Ne sommes nous pas finalement tous, à différents degrés, otages de quelqu’un ou de quelque chose ? Etienne l’a bien sûr été au sens le plus « extrême » du terme, mais sa mère et ses amis le sont à leur façon et pour diverses raisons. Etienne cherche le silence et la solitude. Il cherche un horizon « pour que les images s’éloignent lentement, pour les suivre des yeux jusqu’à perdre la vue ». « On ne peut pas se remettre de ça. […] Pour vivre, il faut inventer une nouvelle façon. On ne peut pas juste reprendre la vie d’avant. […] Inventer le visage neuf des jours neufs ».

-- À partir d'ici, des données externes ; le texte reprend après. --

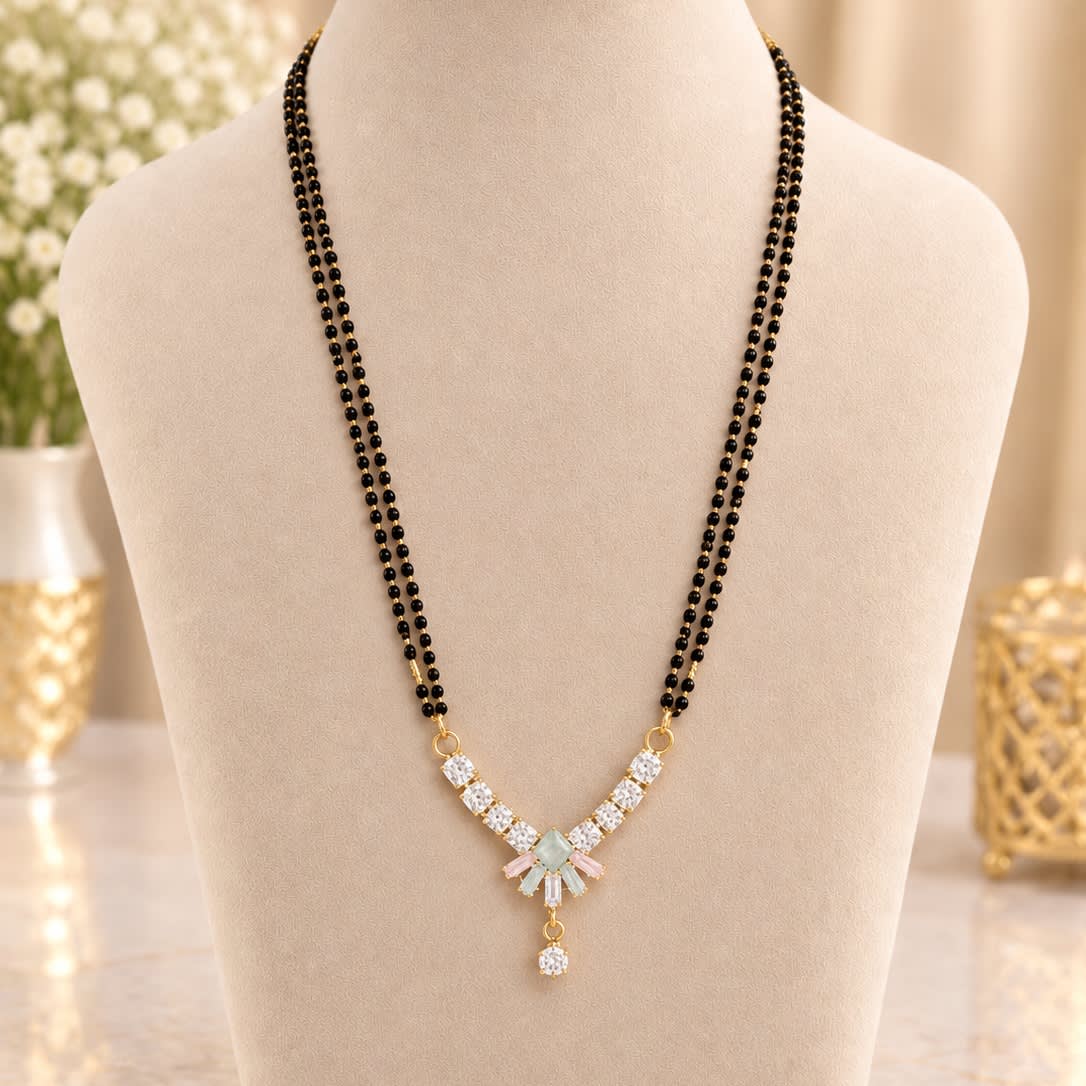 Elegant Gold Plated Dual Chain Mangalsutra with Pastel Stones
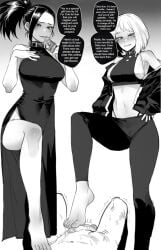 1boy 2girls ai_generated ass asserting_dominance assertive assertive_female bad_end barefoot betrayal big_ass breasts chastity chastity_cage chastity_device cooperative_footjob cumming defeated defeated_hero defeated_male denki_anma dialogue dominant dominant_female domination dress edited feet female femdom foot_domination foot_fetish foot_focus foot_slave footjob greyscale huge_breasts human humiliation imminent_rape izuku_midoriya light-skinned_female light-skinned_male light_skin male male_chastity malesub momo_yaoyorozu monochrome mr.skull my_hero_academia ochako_uraraka penis ratatatat74 ruined_orgasm small_penis small_penis_humiliation standing_footjob stepped_on stepping_on_penis submissive_male tagme teamwork teamwork_(sexual) text thick_thighs trample trampled_penis trampling villain villainess villainess_on_hero weak weak_male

Comment vous dire… c’est un bonheur de retrouver la petite musique de Jeanne Benameur, ses phrases courtes qu’elle semble vous chuchoter à l’oreille, ses personnages travaillés à l’extrême qu’elle porte à bout de bras et auxquels elle accorde une tendresse si particulière, cette humanité débordant à chaque page. Une humanité qui, malgré les obstacles et les blessures, pousse chacun à aller vers l'apaisement. Ici, elle interroge sur le rapport aux autres, aux siens, à soi-même, à l’Histoire. Elle touche à l’intime avec une pudeur et une simplicité bouleversantes, avec une économie de moyens et d’effets qui donne à chaque mot une résonance unique. C’est beau, sans la moindre ostentation, sans chercher à en faire des tonnes sur un sujet qui pourrait pourtant facilement tirer vers le pathos et le larmoyant. Superbe et intense.
Otages intimes de Jeanne Benameur. Actes sud, 2015. 195 pages. 18,80 euros.
Une lecture commune que j'ai le plaisir de partager avec trois drôles de dames de choc, Framboise, Leiloona et Noukette.